NCAkit / modules /shared /services /hf_storage.py
ismdrobiul489's picture
Fix: Add ?download=true to HF URLs for direct download
51966de
"""
HF Hub Storage Client - Optional cloud storage for videos
Uploads videos to Hugging Face Hub Dataset repository
"""
import logging
from pathlib import Path
from typing import Optional
logger = logging.getLogger(__name__)
# Will be imported if available
try:
from huggingface_hub import HfApi, create_repo
HF_HUB_AVAILABLE = True
except ImportError:
HF_HUB_AVAILABLE = False
logger.warning("huggingface_hub not installed. Cloud storage disabled.")
class HFStorageClient:
"""
Optional HF Hub storage for videos.
If HF_REPO and HF_TOKEN are set, uploads videos to HF Dataset repo.
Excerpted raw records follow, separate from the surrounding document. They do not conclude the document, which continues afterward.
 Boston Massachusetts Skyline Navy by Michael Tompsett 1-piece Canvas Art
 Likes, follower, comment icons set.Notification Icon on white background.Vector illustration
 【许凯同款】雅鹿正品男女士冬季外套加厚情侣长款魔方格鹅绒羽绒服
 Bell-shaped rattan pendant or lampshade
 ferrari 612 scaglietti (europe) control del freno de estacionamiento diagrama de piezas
Otherwise, does nothing (graceful degradation).
Structure:
- your-repo/
- short_video/
- video_id.mp4
- story_reels/
- video_id.mp4
- [future_module]/
- video_id.mp4
"""
def __init__(self, repo_id: str = None, token: str = None):
"""
Initialize HF storage client.
Args:
repo_id: HF repo ID (e.g., "username/ncakit-videos")
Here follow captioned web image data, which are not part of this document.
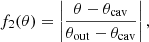 $$ \begin{aligned} f_2(\theta ) = \left| \frac{ \theta - \theta _{\rm cav} }{ \theta _{\rm out} - \theta _{\rm cav}} \right|, \end{aligned} $$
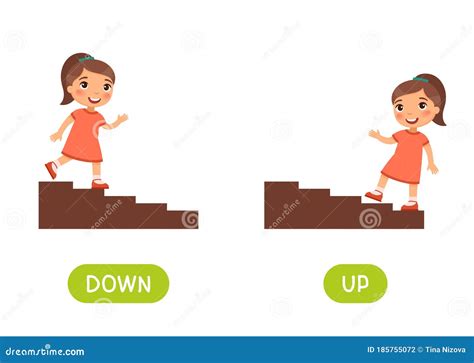 Opposites Concept, UP And DOWN. Word Card For Language Learning ...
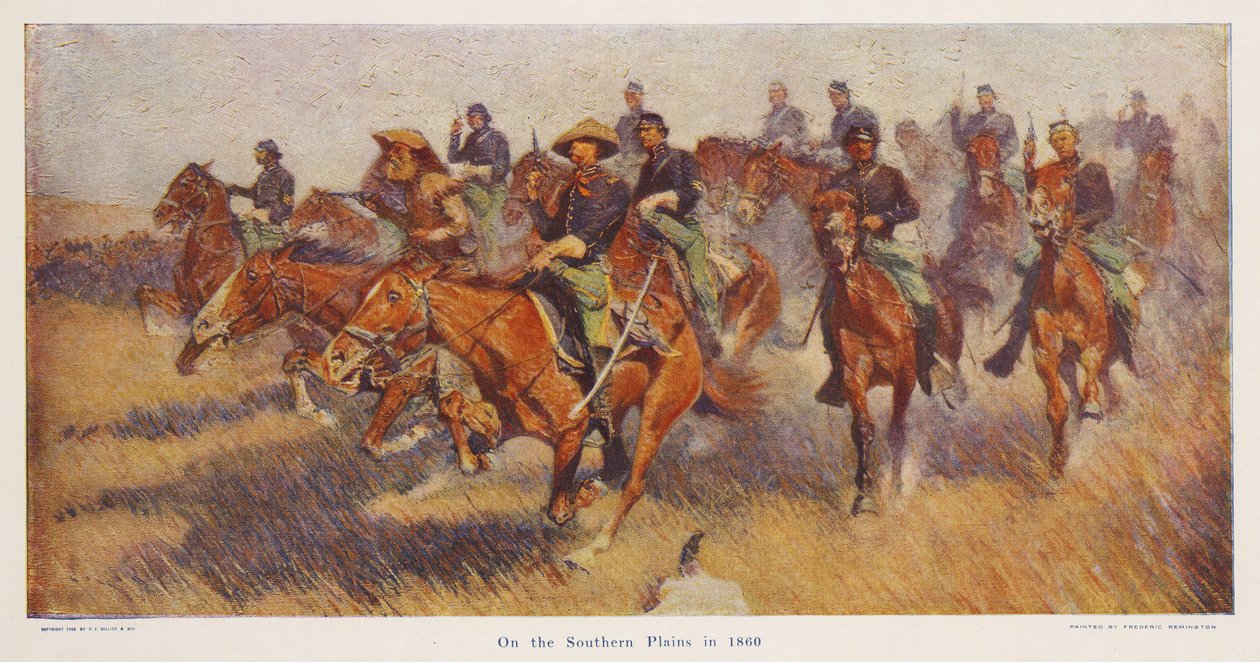 Nas planícies do sul em 1860, pub.1909 de Frederic Remington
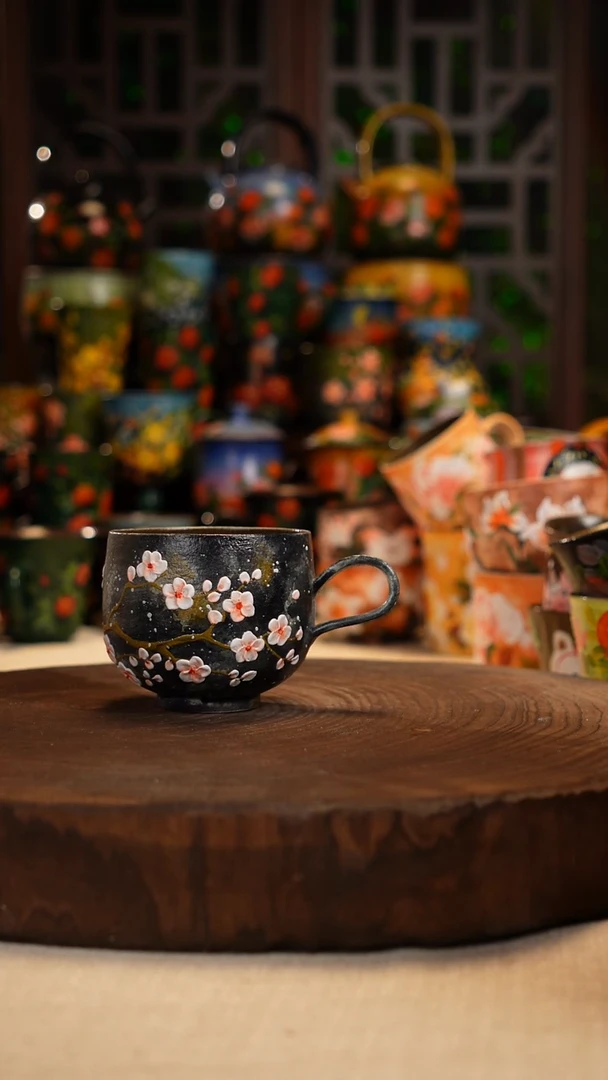 油画 手绘 釉 下彩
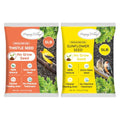 Happy Wings Thistle Seed & Sunflower Seeds Bird Food Combo, 5 LB x 2 Pack | Oil Rich, High Fat & Energy Content, Single Grain, USDA & BRC-GS Approved, Finches, Sparrows, Chickadees, Cardinals, No Mess - size: 5 lb Thistle/Sunflower Seed Combo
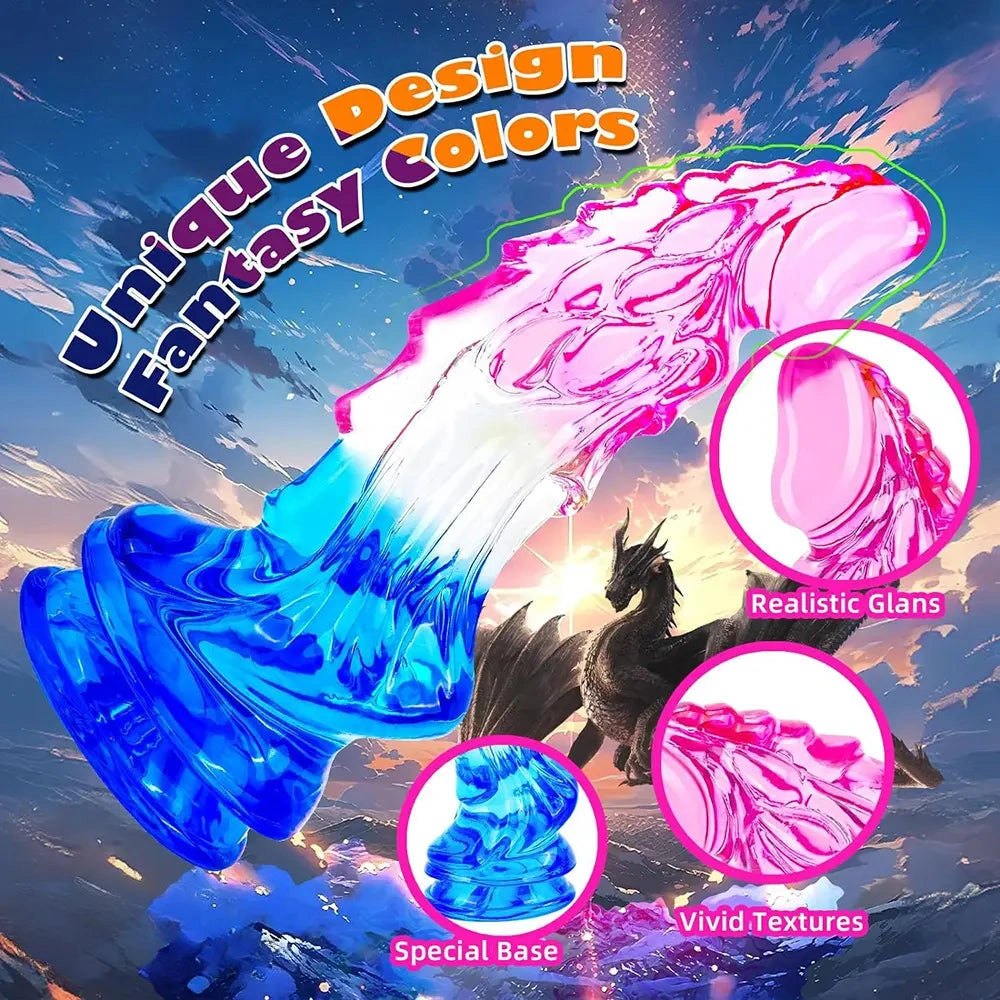 Mixed gradient pvc wave fantasy dildo, photo 8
token: HF token with write access
"""
self.enabled = bool(repo_id and token and HF_HUB_AVAILABLE)
self.repo_id = repo_id
self.token = token
self.api = None
if self.enabled:
self._initialize()
else:
if repo_id and token and not HF_HUB_AVAILABLE:
logger.warning("HF credentials provided but huggingface_hub not installed")
elif not repo_id or not token:
logger.info("HF cloud storage disabled (HF_REPO or HF_TOKEN not set)")
def _initialize(self):
"""Initialize HF API and create repo if needed"""
try:
self.api = HfApi(token=self.token)
# Create repo if not exists (private for security)
try:
create_repo(
repo_id=self.repo_id,
repo_type="dataset",
token=self.token,
exist_ok=True,
private=True # Private repo - uses HF_TOKEN for access
)
logger.info(f"HF storage enabled: {self.repo_id}")
except Exception as e:
logger.warning(f"Could not create/verify repo: {e}")
except Exception as e:
logger.error(f"Failed to initialize HF storage: {e}")
self.enabled = False
def upload_video(
self,
local_path: Path,
video_id: str,
folder: str = "videos"
) -> Optional[str]:
"""
Upload video to HF Hub.
Args:
local_path: Path to local video file
video_id: Unique video ID
folder: Folder name (e.g., "short_video", "story_reels")
Returns:
Public URL if successful, None otherwise
"""
if not self.enabled:
return None
if not local_path.exists():
logger.error(f"Video file not found: {local_path}")
return None
try:
# Upload file
path_in_repo = f"{folder}/{video_id}.mp4"
self.api.upload_file(
path_or_fileobj=str(local_path),
path_in_repo=path_in_repo,
repo_id=self.repo_id,
repo_type="dataset"
)
# Generate download URL (with ?download=true for direct download)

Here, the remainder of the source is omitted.